* [WHAT TO PRODUCE]
Transcribe exactly the lines below that begin at the line with "harde LA.Chargers Black" and stop after the line with "0,2 Karat Diamant", leaving out every picture.

* [INPUT]
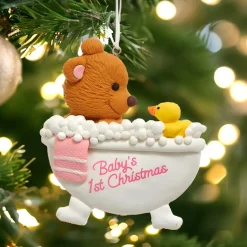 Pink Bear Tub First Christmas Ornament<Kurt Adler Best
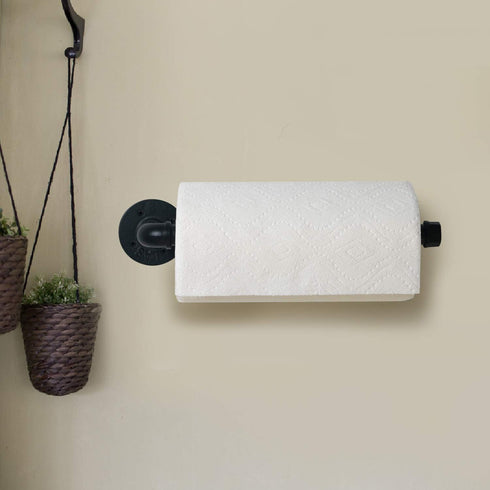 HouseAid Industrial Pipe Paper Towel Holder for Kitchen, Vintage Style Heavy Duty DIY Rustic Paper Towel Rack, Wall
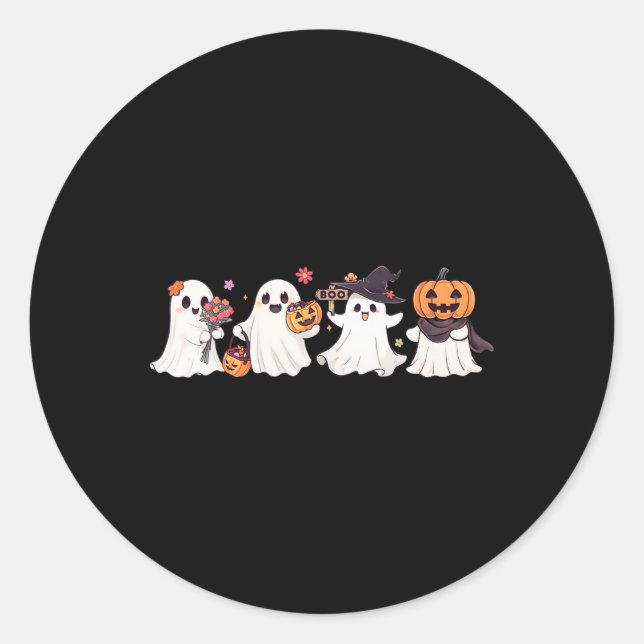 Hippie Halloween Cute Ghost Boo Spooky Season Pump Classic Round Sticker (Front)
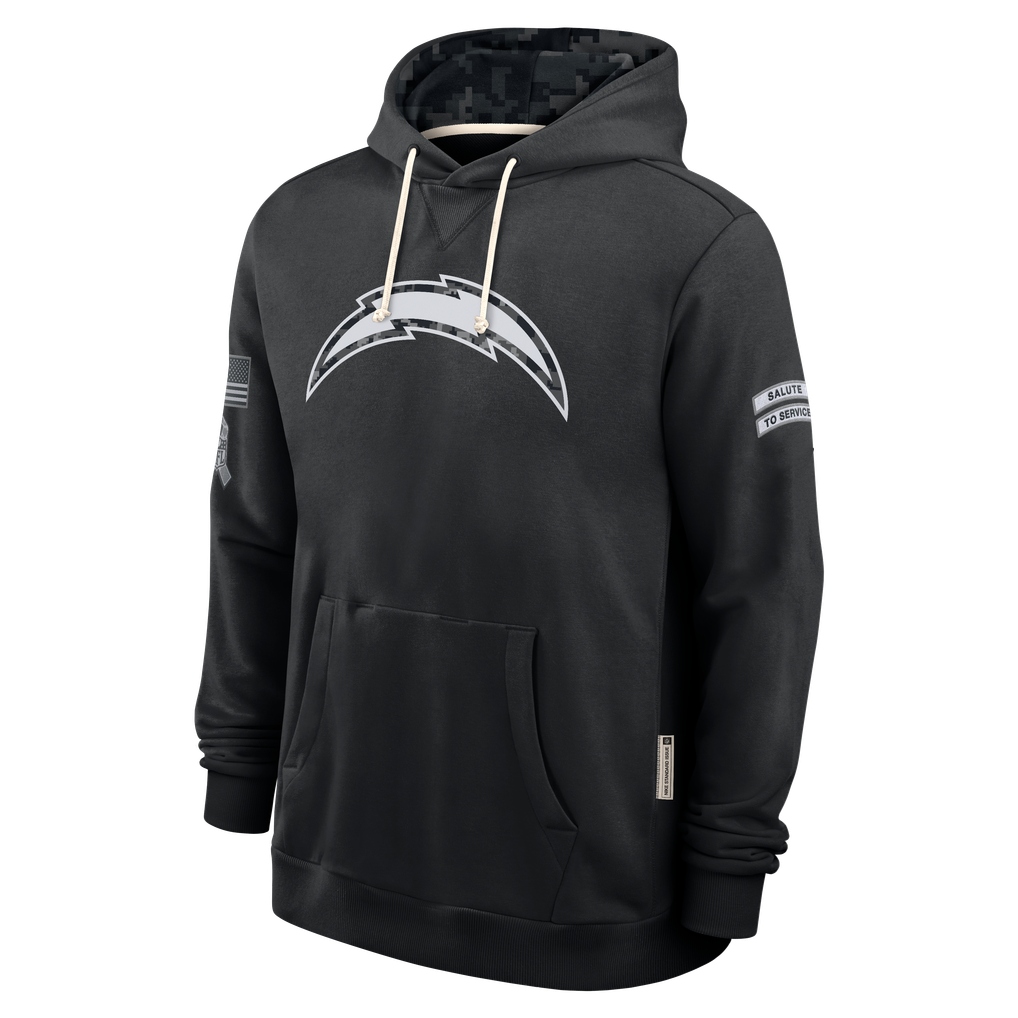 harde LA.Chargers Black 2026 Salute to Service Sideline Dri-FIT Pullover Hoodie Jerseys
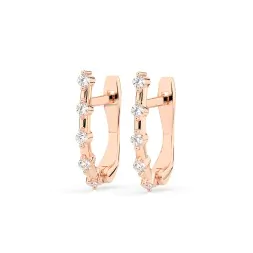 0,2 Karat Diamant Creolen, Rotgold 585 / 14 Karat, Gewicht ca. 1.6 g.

* * *

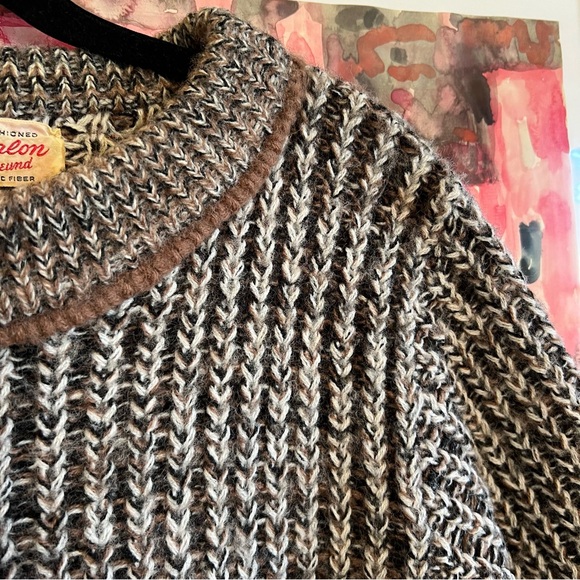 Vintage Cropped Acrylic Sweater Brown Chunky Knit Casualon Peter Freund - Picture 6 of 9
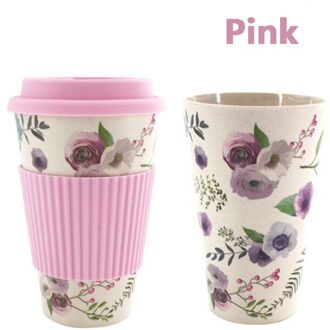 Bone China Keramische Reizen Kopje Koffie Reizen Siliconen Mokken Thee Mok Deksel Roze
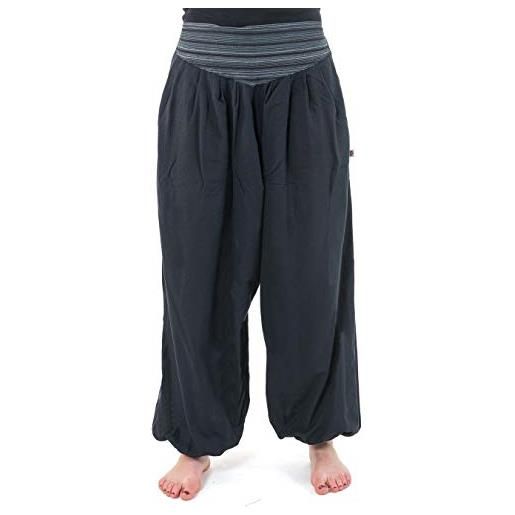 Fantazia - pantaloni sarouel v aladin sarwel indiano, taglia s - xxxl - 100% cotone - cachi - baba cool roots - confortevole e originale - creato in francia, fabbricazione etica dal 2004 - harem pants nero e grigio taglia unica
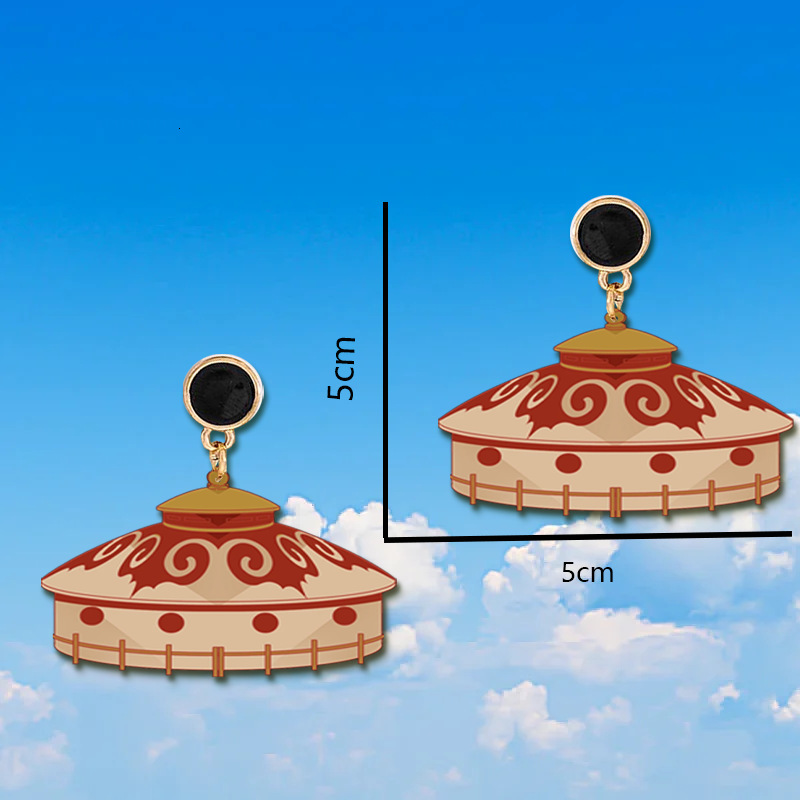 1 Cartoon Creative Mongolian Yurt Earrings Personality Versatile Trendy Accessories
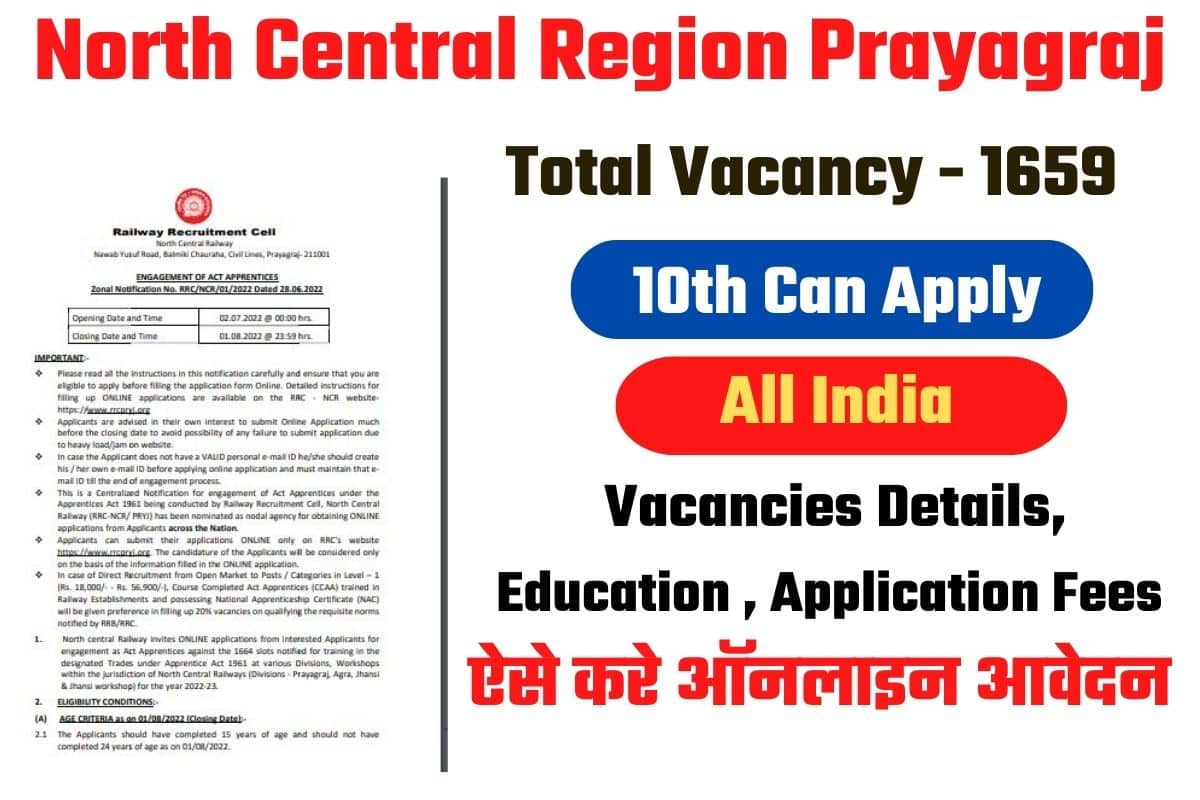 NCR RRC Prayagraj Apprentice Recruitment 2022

--

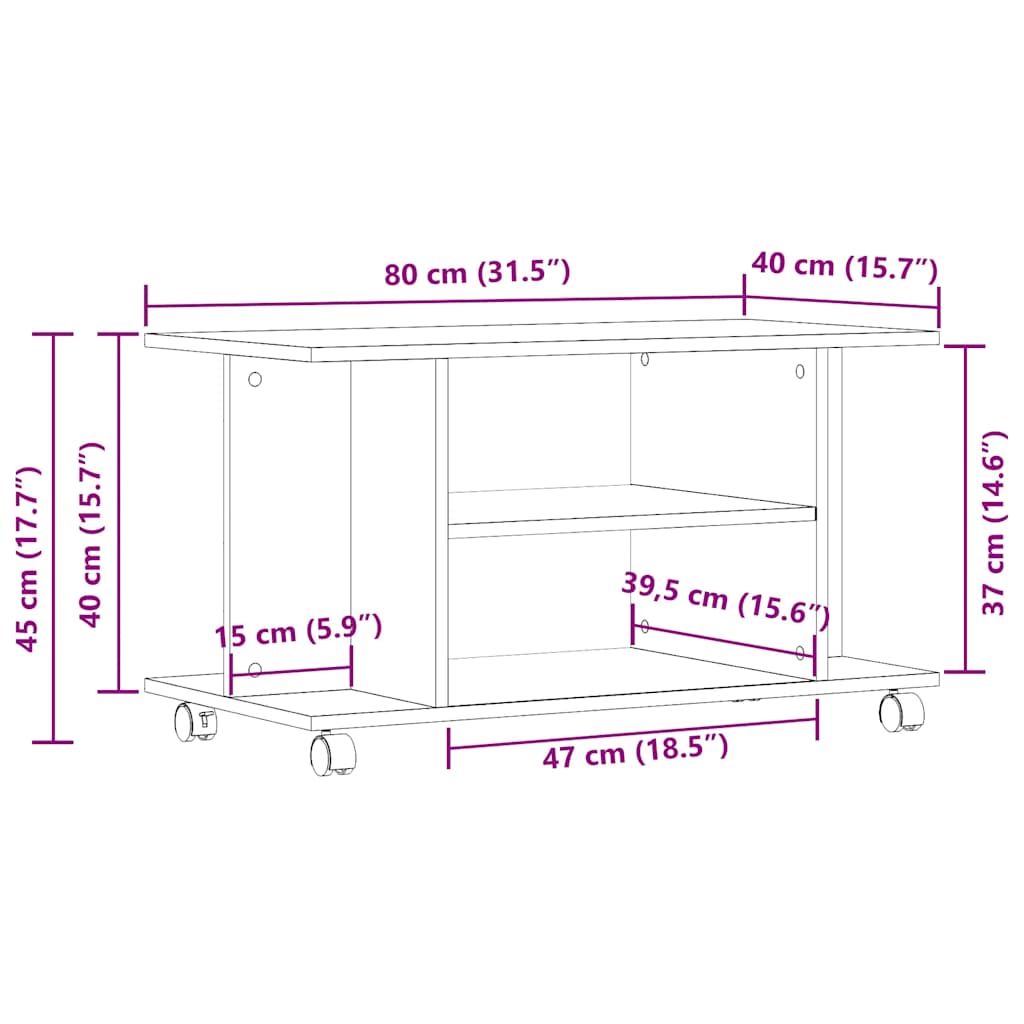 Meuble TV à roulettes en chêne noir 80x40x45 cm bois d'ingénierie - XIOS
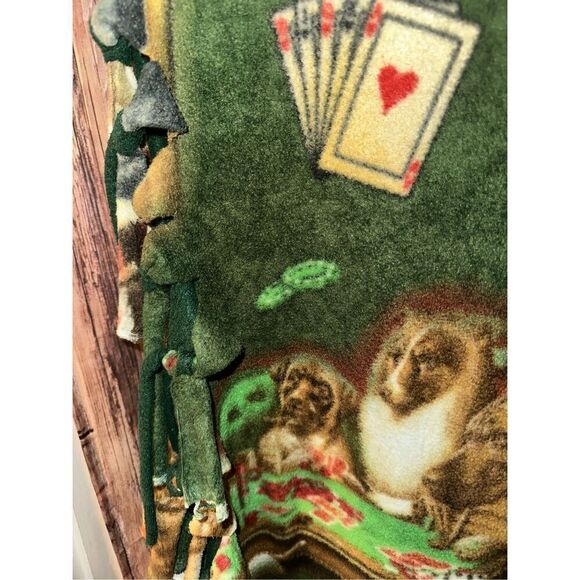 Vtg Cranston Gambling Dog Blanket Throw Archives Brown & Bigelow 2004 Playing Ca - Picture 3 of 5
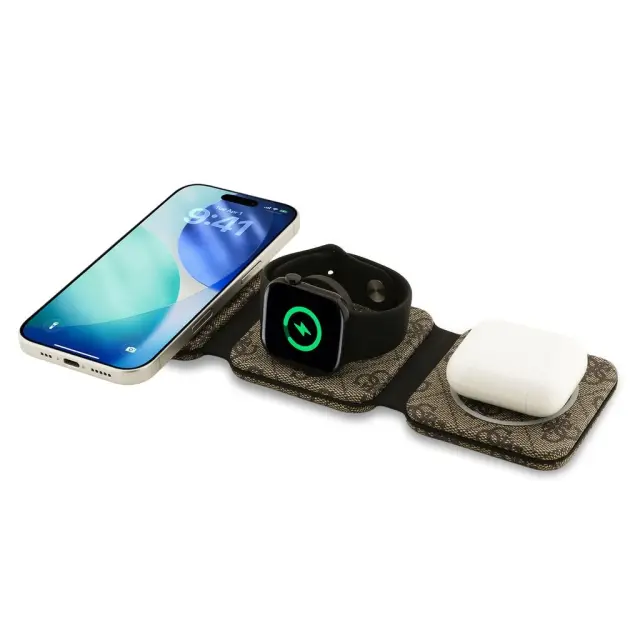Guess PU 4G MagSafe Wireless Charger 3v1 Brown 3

* [ANSWER AREA]
 harde LA.Chargers Black 2026 Salute to Service Sideline Dri-FIT Pullover Hoodie Jerseys
 0,2 Karat Diamant Creolen, Rotgold 585 / 14 Karat, Gewicht ca. 1.6 g.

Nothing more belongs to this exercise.